3. **Expansion Without Copying**:
   If a dimension is 1, it is "stretched" or repeated to match the corresponding dimension of the other tensor. This does not involve copying data, so it is efficient.

### **Examples of Tensor Broadcasting**

In [3]:
a = torch.Tensor([1, 2, 3])
b = torch.Tensor([[1],[2],[3]])

# Broadcasting the vectors to match shapes
result = a + b
print(result) # Output will be a 3x3 matrix

tensor([[2., 3., 4.],
        [3., 4., 5.],
        [4., 5., 6.]])


###  **Adding a Scalar to a Tensor**
The scalar 10.0 is broadcasted across all elements of the 2x3 tensor. It is as if the scalar is repeated for every element of the tensor:
![image.png](attachment:9371ea4a-30c4-4e58-8fff-6014580c8134.png)

In [4]:
# Adding a Scalar to a Tensor

# A 2x3 tensor
tensor = torch.tensor([[1.0, 2.0, 3.0],[4.0, 5.0, 6.0]])

# A scalar
scalar = 10.0

# Broadcasting the scalar across the tensor
result = tensor + scalar

print(result)

tensor([[11., 12., 13.],
        [14., 15., 16.]])


###  **Adding a Vector to Each Row of a Matrix**
* The 1D vector [10.0, 20.0, 30.0] is broadcasted across each row of the matrix.
* Each element of the vector is added to the corresponding column element in every row:

![image.png](attachment:a8262c14-ce16-4d1a-8e96-89b6d0b473c0.png)

**Shape Compatibility:** 
* The matrix has shape (2, 3) and the vector has shape (3,).
* PyTorch broadcasts the vector so it matches the shape of the matrix, essentially treating it as if it were:
  
![image.png](attachment:885ab008-1856-4c39-be05-1d2c7c949126.png)

In [6]:
# Adding a Vector to Each Row of a Matrix

# A 2x3 matrix
matrix = torch.tensor([[1.0,2.0,3.0],[4.0,5.0,6.0]])

# A 1D vector of size 3
vector = torch.tensor([10.0, 20.0, 30.0])
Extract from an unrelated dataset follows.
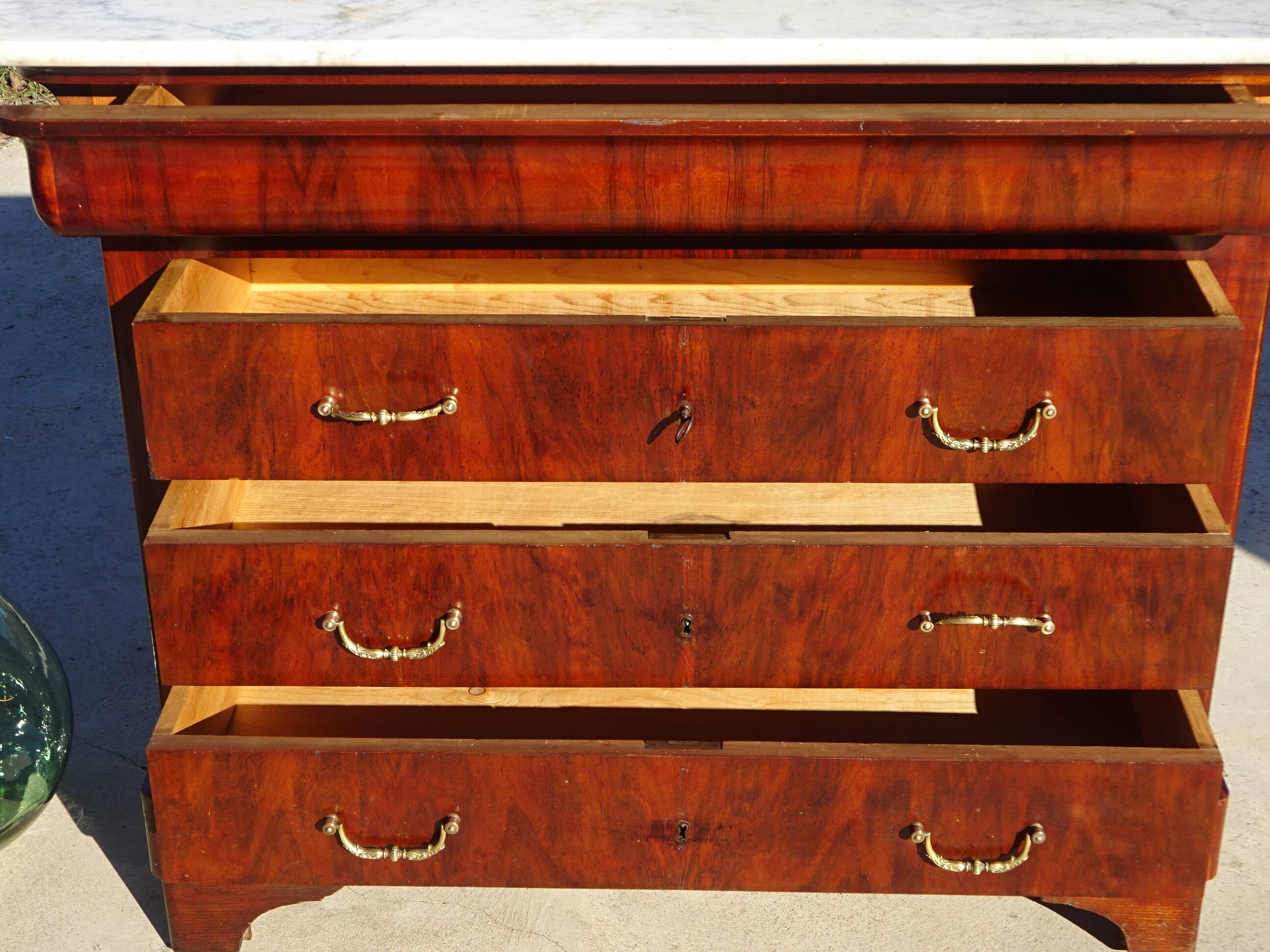 Antique mahogany chest of drawers with white marble.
# Broadcasting the vector to each row of the matrix
result = matrix + vector

print(result)

tensor([[11., 22., 33.],
        [14., 25., 36.]])


###  **Broadcasting with Higher Dimensions**
* The 3D tensor has a shape of (2, 1, 3) and the vector has a shape of (3,).
* The vector is broadcasted along the second dimension (1) to match the shape of the 3D tensor.
* The resulting shape is (2, 1, 3), and the vector is added element-wise.
  
 ![image.png](attachment:92388bc0-f86b-4083-8b19-c2df9ed56f31.png)

In [7]:
# Broadcasting with Higher Dimensions

# A 3D tensor of shape(2, 1, 3)
tensor_3d = torch.tensor([[[1.0, 2.0, 3.0]],[[4.0, 5.0, 6.0]]])

# A 1D vector of size 3
vector  = torch.tensor([10.0, 20.0, 30.0])

# Broadcasting the vector across the 3D tensor
result = tensor_3d + vector

print(result)

tensor([[[11., 22., 33.]],

        [[14., 25., 36.]]])


## **Broadcasting Rules Applied in Practice**

* #### **Shapes (4, 3) and (3):**
* The vector with shape (3,) can be broadcasted to match each row of the matrix with shape (4, 3). This is because the last dimension matches.
* #### **Shapes (4, 3) and (4, 1):**
* The (4, 1) tensor can be broadcasted across the second dimension to match (4, 3) because the second dimension is 1.
* #### **Shapes (2, 1, 4) and (3, 4):**
* These shapes are not compatible because when aligned from the right, the second-to-last dimensions do not match (1 vs. 3). Broadcasting will not work here.

In [11]:
# Shapes (4, 3) and (4, 1)

# A 4x3 matrix
matrix_4x3 = torch.tensor([[1.0, 2.0, 3.0],[4.0, 5.0, 6.0],[7.0, 8.0, 9.0],[10.0, 11.0, 12.0]])

# A 4x1 matrix
matrix_4x1 = torch.tensor([[100.0],[200.0],[300.0],[400.0]])

result = matrix_4x3 + matrix_4x1

print(result)

tensor([[101., 102., 103.],
        [204., 205., 206.],
        [307., 308., 309.],
        [410., 411., 412.]])


### **Broadcasting Pitfalls and Tips**
#### **Incompatible Shapes:**
* If two tensors cannot be aligned according to the rules, PyTorch will raise a RuntimeError indicating that the shapes are incompatible.

#### **Automatic Broadcasting:**
* PyTorch automatically applies broadcasting when possible, so it’s important to be mindful of tensor shapes to avoid unexpected results.

#### **Efficient Operations:**
* Broadcasting is memory efficient because it doesn’t actually replicate the smaller tensor. Instead, it computes the result as if the smaller tensor were replicated.